Die gleichzeitige Einschränkung der Dialogbereitschaft, mit dem Hinweis, nicht mit randalierern und antisozialistischen Kräften
sprechen zu wollen, orientiert sich an den bekannten Vorverurteilungen und deutet nicht darauf hin, daß die wirklichen Probleme
erkannt worden sind. Offensichtlich ist die Parteiführung weder bereit noch in der Lage, der sich entwickelnden Vielfalt
sozialistischer Tendenzen Strömungen und Kräfte (auch aßerhalb der SED) Rechnung zu tragen und behält sich offenbar vor,
sie nach dem bekannten Muster als konterrevolutionär zu diffamieren. Dennoch meinen wir, daß nun gebotene Möglichkeiten des
Dialogs genutzt werden müssen.
Jetzt ist es am Wichtigsten, daß die Impulse für eine Erneuerung von den Betrieben ausgehen. Auf der Tagesordnung steht die
Bildung unabhängiger Kommisionen der Werktätigen, die innerhalb und außerhalb der Gewerkschaften alle Möglichkeiten zur
selbstständigen Vertretung ihrer eigenen Angelegenheiten nutzen. Wir meinen, daß der nächste Schritt die Schaffung von Betriebsräten
seien sollte. Von ihnen können dann auch entscheidende Initiativen für eine demokratische Erneuerung von unten ausgehen.
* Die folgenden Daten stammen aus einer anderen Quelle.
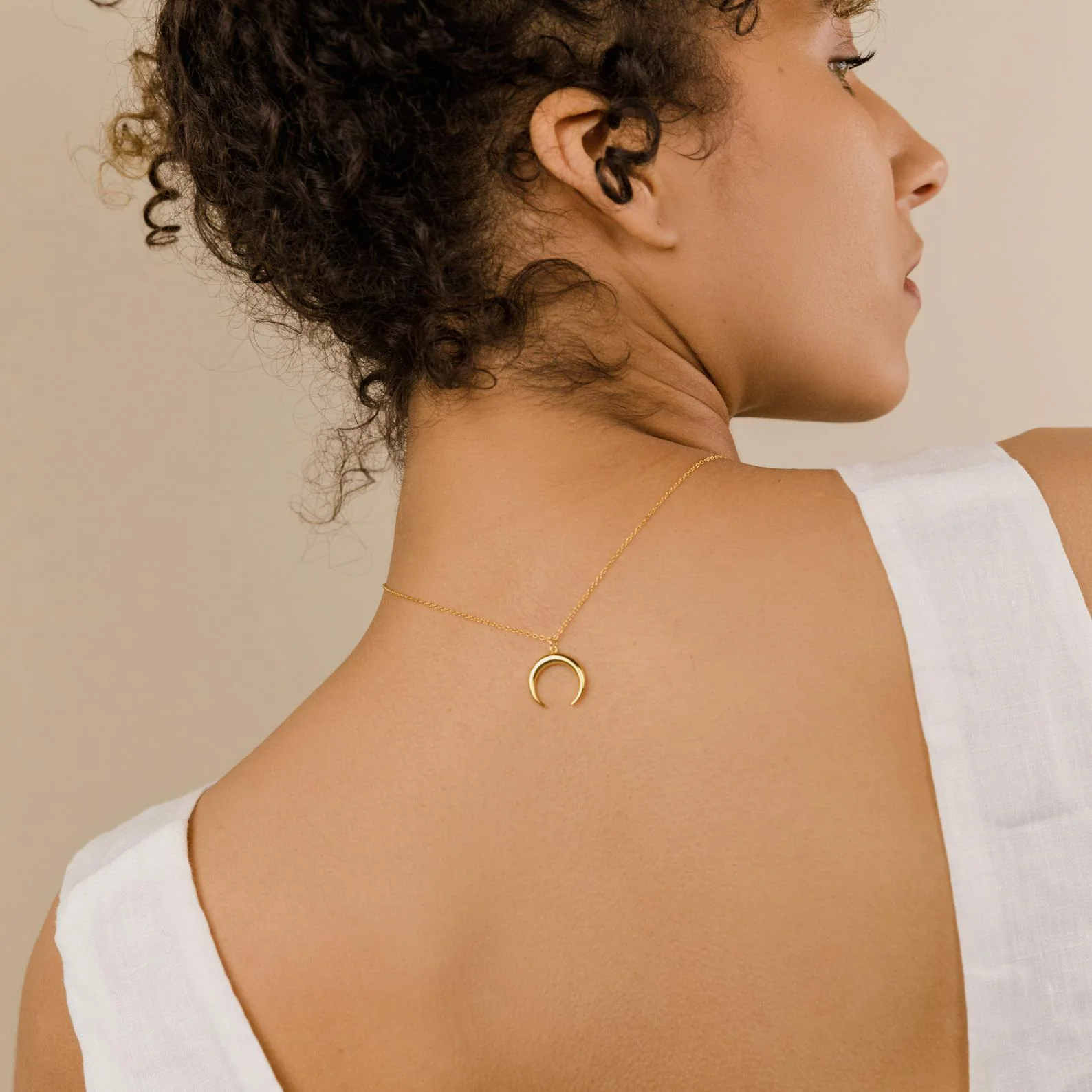 Crescent Moon Necklace - Image 5
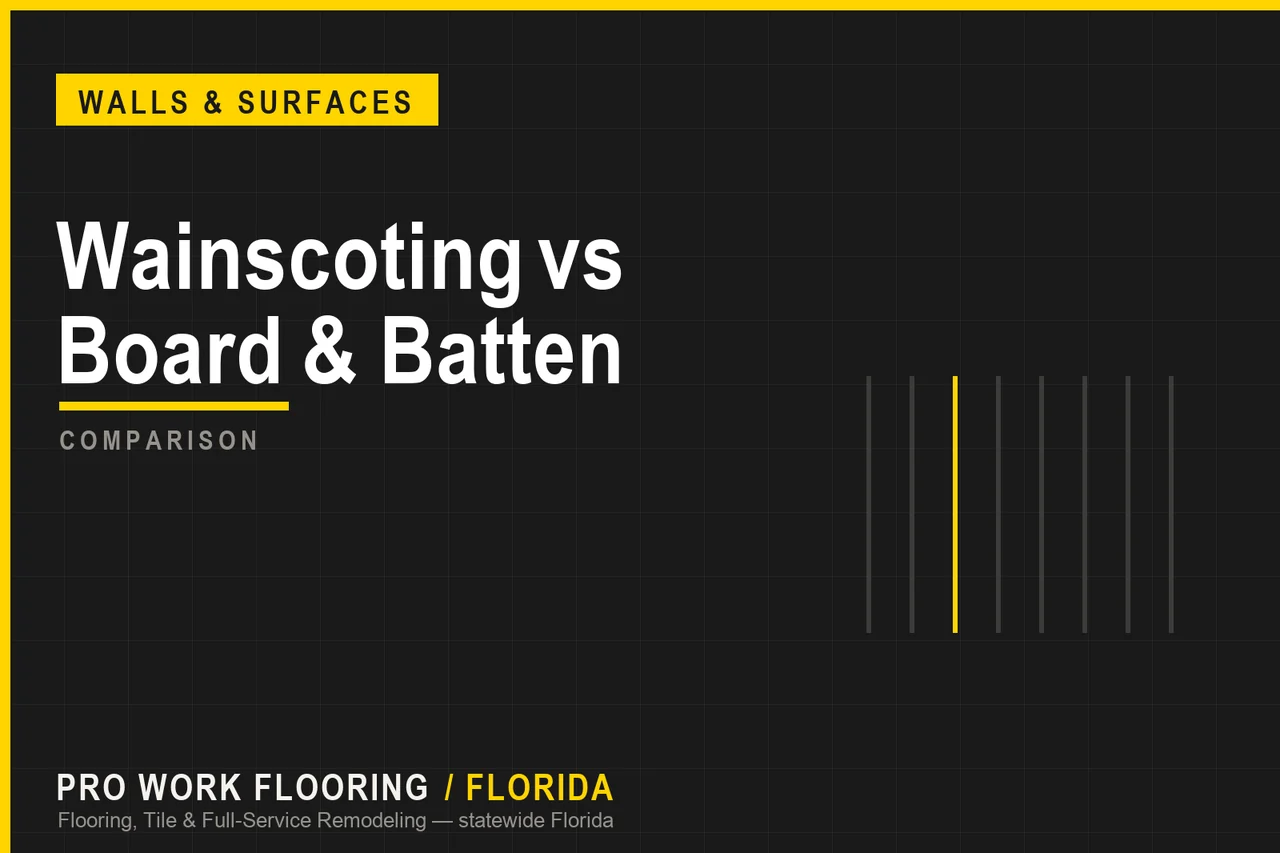Wainscoting vs Board & Batten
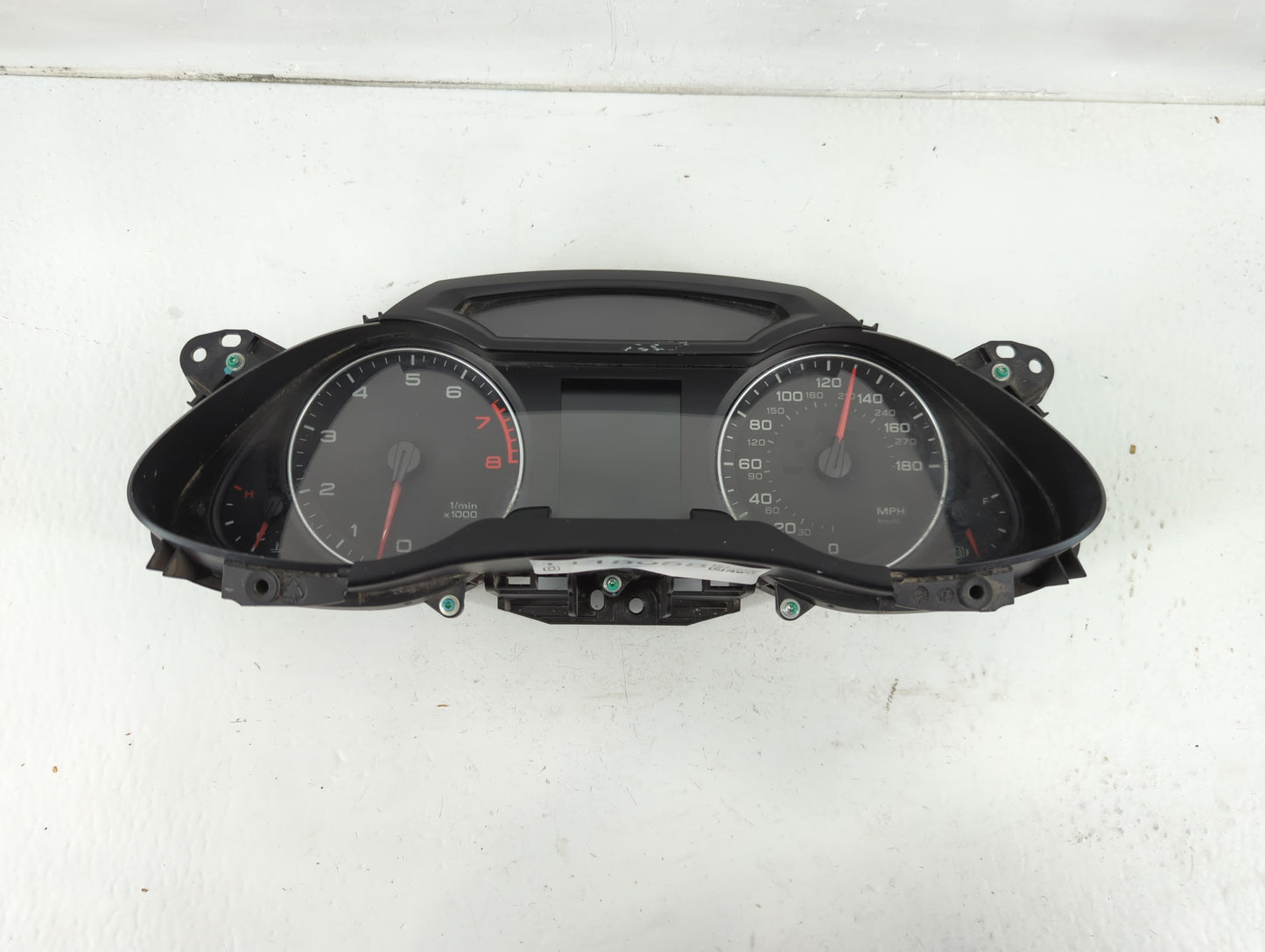 2010-2012 Audi A4 Instrument Cluster Speedometer Gauges P/N:8K0 920 950 E Fits Fits 2010 2011 2012 OEM Used Auto Parts - Oem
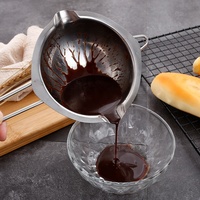 Pot à chocolat en acier inoxydable, bain-marie double, bol à lait, chauffe-beurre, chauffe-candy, outils de pâtisserie
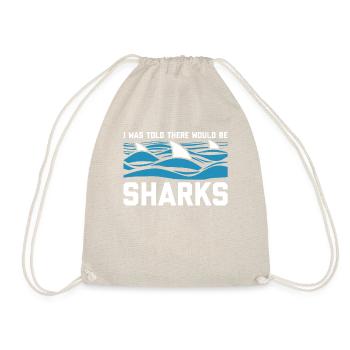 T-shirt de citation humoristique de la semaine des requins - Sac de sport léger - nature - Devant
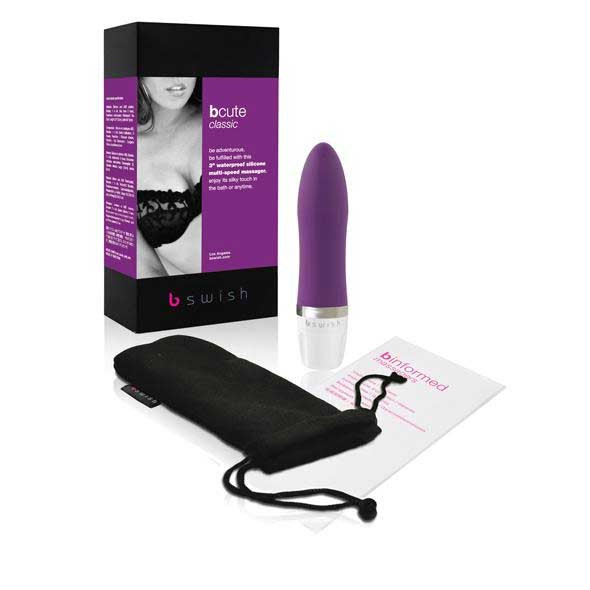 Миниатюрный вибратор bСute Сlassic Purple - 10,5 см., B Swish Миниатюрный вибратор bСute Сlassic Purple - 10,5 см., B Swish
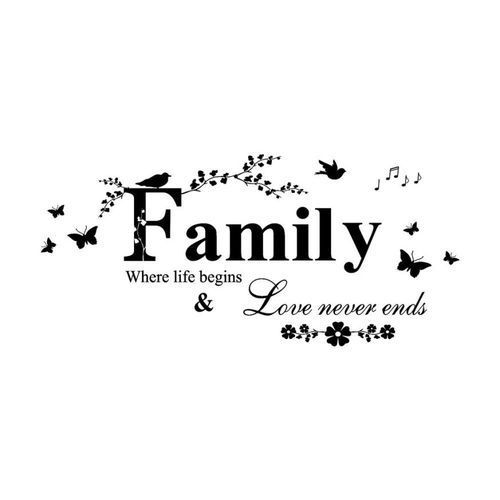 Family Decoration Background DIY Wall Stickers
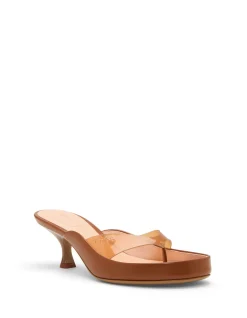 Junie Transparent Thong Kitten Heel Sandals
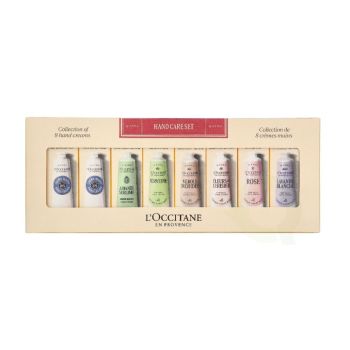 Zestawy kosmetyków damskich Collection of 8 Hand Creams Hand Care Set 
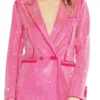 American Idol Season 3 Gabby Samone Pink Embellished Blazer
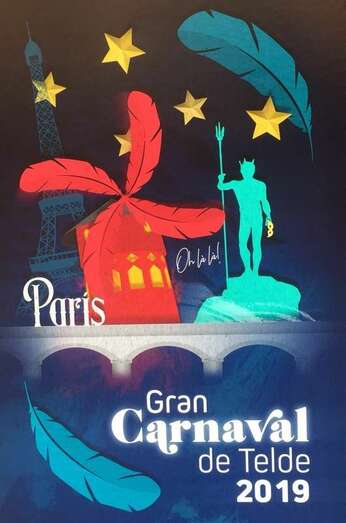 Cartel del Carnaval de Telde 2019 (Foto TA)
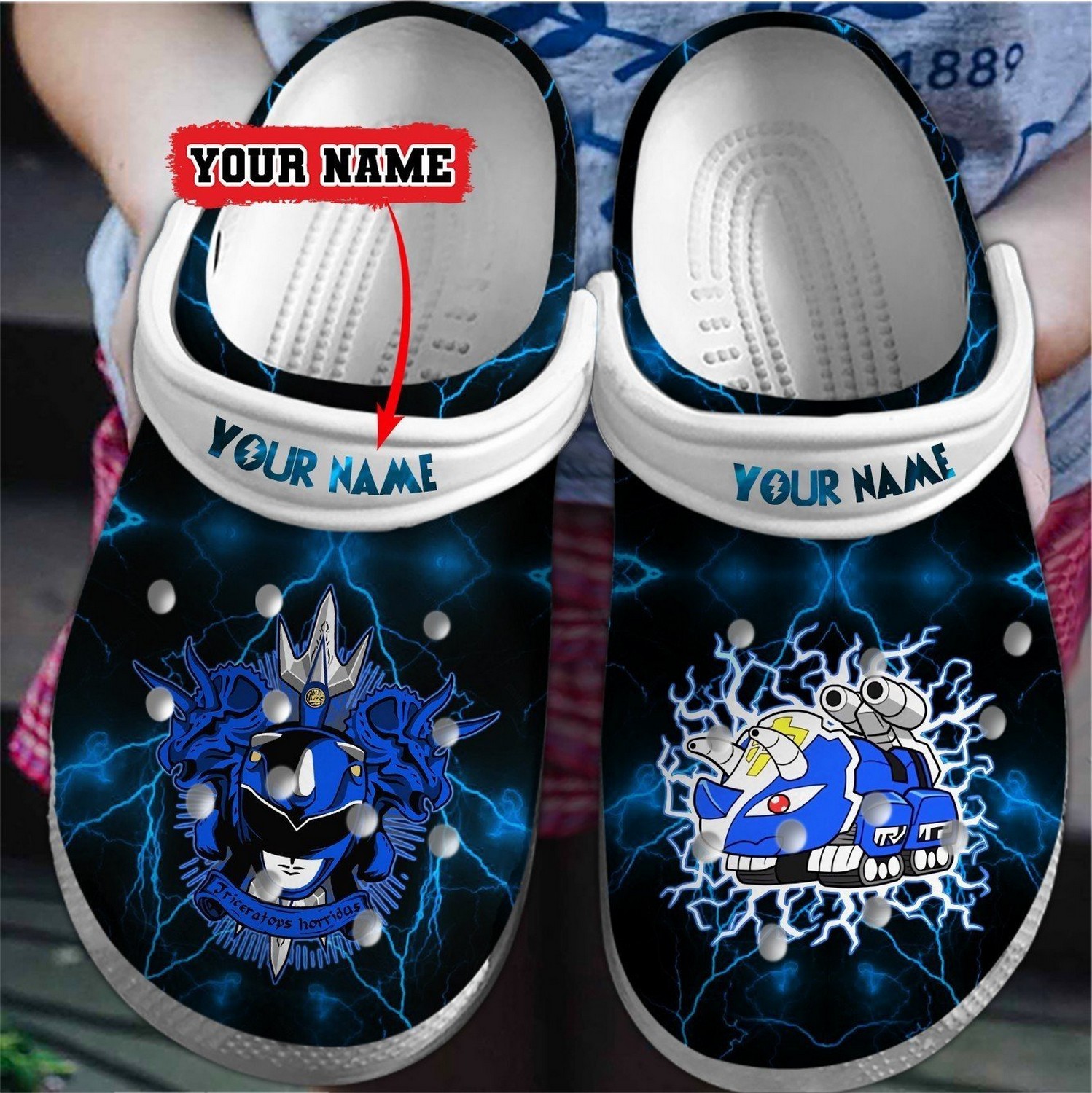 Custom Name Power Rangers Movie Billy Cranston Clogs Fast Shipping Service Available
Die Situation erfordert auch von allen unabhängigen Gruppen und Initiativen, die für eine Demokratisierung einteten, ihre Verantwortung
zu wahren und mit konkreten Vorschlägen für eine freiheitliche und demokratische Gestaltung des Sozialismus in die Diskussion einzutreten.
Durch die Erarbeitung hierzu notwendiger konkreter Vorschläge, müssen die, sich hier entwickelnden Gemeinsamkeiten auch gemeinsam
vertreten werden.
Unserer Ansicht nach sind folgende Maßnahmen zu verwirklichen:
SOFORTMASSNAHMEN ZUR VORBEREITUNG DES LANDES FÜR EINEN WEG DER SOZIALISTISCHEN DEMOKRATIE UND FREIHEIT
1.) Rücktritt des Politbüros der SED und der Regierung wegen der Hauptverantwortung für den katastrophalen Massenexodus
der Jugend und wegen des völligen Verlusts von Vertrauen im Volk.
2.) Bildung einer neuen politischen Führung und einer zeitlich begrenzten Übergangsregierung aus reformwilligen Kräften
zur Verwirklichung folgender Maßnahmen:
- a.) sofortige Demokratisierung der Presse und Einstellung der Pressezensur
- b.) Legalisierung des Neuen Forum und aller anderen, für sozialistische Demokratie einstehenden Gruppen sowie Aufnahme eines gleichberechtigten Dialogs über alle zu lösenden gesellschaftlichen Probleme.
- c.) Gewährung der freien und öffentlichen Diskussionin allen gesellschaftlichen Organisationen und Parteien.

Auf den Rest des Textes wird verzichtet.